I raised the issue in a sort of Bible study group of friends once. All that ended up happening is that one of the dudes there said a prayer for me and for my apparently waning faith. Fair enough. He didn’t know that I’d first read this stuff (including the laws about captive war brides and such) by myself for myself when I was about ten years old as part of a personal project to read the Bible from cover to cover. So I’d had some two decades since then to think it over, having by then read through the whole of “the Good Book” 2 more times since those childhood days. And back in those days, at the Christian school I went to, the explanation I was offered for the mandate to slay even the children and infants (I myself was just a kid at the time) was that those kids would be going to a better place, whereas if they’d’ve been allowed to grow up they likely would’ve become just as wicked as their parents. And I accepted this. It was the best—the only—reasoning with which I was presented to temper the stark harshness of the stories just as they otherwise stood, wantonly free of the shackles of commentary or sanitisation.
A part of me calcified and, in hindsight, I believe, this made it easier to take it for granted that people, very many of them, would burn in hell forever and ever as part of God’s just plan for his creatures. It was comforting, however, to know that some “good” had come from the near-extermination of the Canaanites and the Amalekites: the children’s souls had been inadvertently saved! It’s only after having realised that this was essentially one of the reasons for which the Amorites were being described as twisted (iniquitous) that I saw the connection between this explanation and the practices of some of these Canaanites (and later of Israel herself as well). Canaan and Israel also thought that the salvation of their children came about by sacrificing them to God (their conception of God, i.e.).
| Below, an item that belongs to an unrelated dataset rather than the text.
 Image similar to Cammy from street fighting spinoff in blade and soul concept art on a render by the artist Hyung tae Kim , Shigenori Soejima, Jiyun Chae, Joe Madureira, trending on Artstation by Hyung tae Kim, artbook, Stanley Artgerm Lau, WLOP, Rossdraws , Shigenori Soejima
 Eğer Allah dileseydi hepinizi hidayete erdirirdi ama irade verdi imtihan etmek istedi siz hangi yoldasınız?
I suppose that the major difference between the slaughter of the Canaanite and Amalekite minors in Scenario 1 and what the surviving Canaanites and the Israelites later did to their own children in Scenario 2 is that the former did not kill their victims by burning them alive on altars like the latter did. I now can see an obvious correlation between the cults of Molech and the Ba’als in Scenario 2 and the substitutionary atonement theories that I grew up on. In the former, babies apparently got fried alive on giant metal statues which literally swallowed the gods’ offerings into their mouths. In the latter, God sacrificed his own son to himself in order to appease his holy wrath against us sinners so that he wouldn’t have to fry us alive either “mercifully” for an indefinite period of time before extinguishing the spark of life within us, or forever and ever. Except it mostly didn’t work. Most of the nation which God was going to save from its sins by sending his servant to suffer on its behalf didn’t and still doesn’t believe in God’s servant. Worse yet for the world at large. God is still peeved and there will literally be Hell to pay at the glorious and ghastly end of all things. Here God will do exactly the same thing to his lost and wayward children (or his creatures, for those of us who deny God’s fatherhood of all) that he condemned Canaan and Israel for doing to their sons and daughters.
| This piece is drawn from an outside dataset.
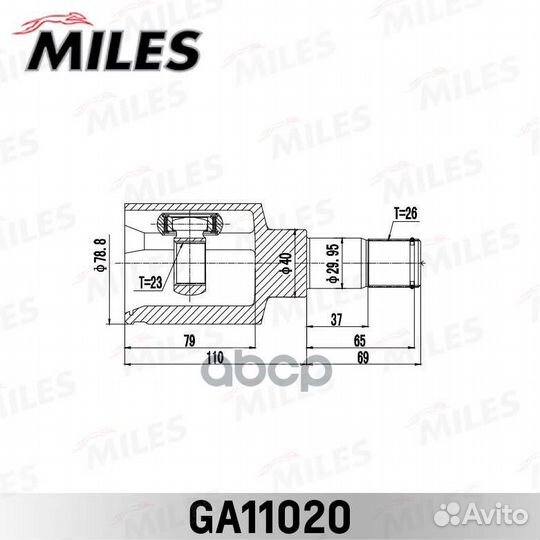 ШРУС ford focus II Cb4 08-11 внутр. лев. GA1102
The most basic imbalance I’ve noticed in this is that the metaphor of fire was never employed in a literal sense upon the Lamb of God. In contradistinction to the Noachic, Abrahamic, Mosaic and Jobian animal sacrifices, Jesus’ body never literally burned in fire on account of anyone’s sin. Unless we consider the theory I’ve only recently come across: that Jesus’ soul or spirit actually endured torments in hellfire during the time between his death and resurrection as part of the divine payment plan. (I wonder how far one can push this. Are all those bulls, sheep and goats in hell too, still burning there for the sins of Noah and his descendants?)
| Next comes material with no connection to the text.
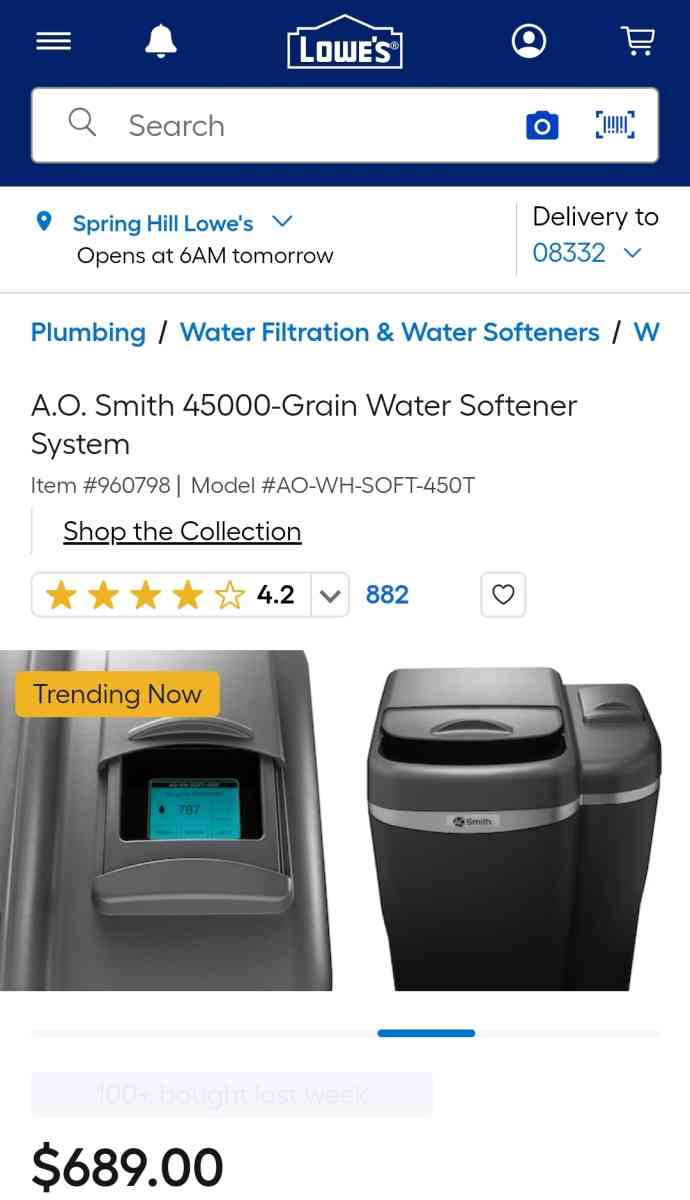 AO Smith 45000 Grain Water Softener System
This perhaps is founded, at least partly, by a tradition based on the mistranslation of 2 Thessalonian 1:7-10 (esp. v. 9) which has ended up in so many Bibles and frames “hell” as a place outside or away from the presence of God, where he doesn’t have to witness the worst part of the dirty work getting done. (Indeed if such a place could in fact exist—a place where even God himself ceases To Be—it must be the most horrific space there is.)
Before having happened upon perspectives like this, I had always understood the violence involved in Jesus’ death to be somehow necessary, not because God himself required it but because humanity’s inhumanity demands it, and that God (and Jesus himself, in fact, by his own admission in John 10:17-18) allowed it in order for the stripes inflicted by wicked men to heal those same men. Now I’ve often heard that Jesus died for everyone’s sins, even for those who lived before his time but there’s been major cognitive dissonance when that gets qualified by the caveat that most of those for whom he died, especially from before his time, will still end up on the frying pan for a spell or forever.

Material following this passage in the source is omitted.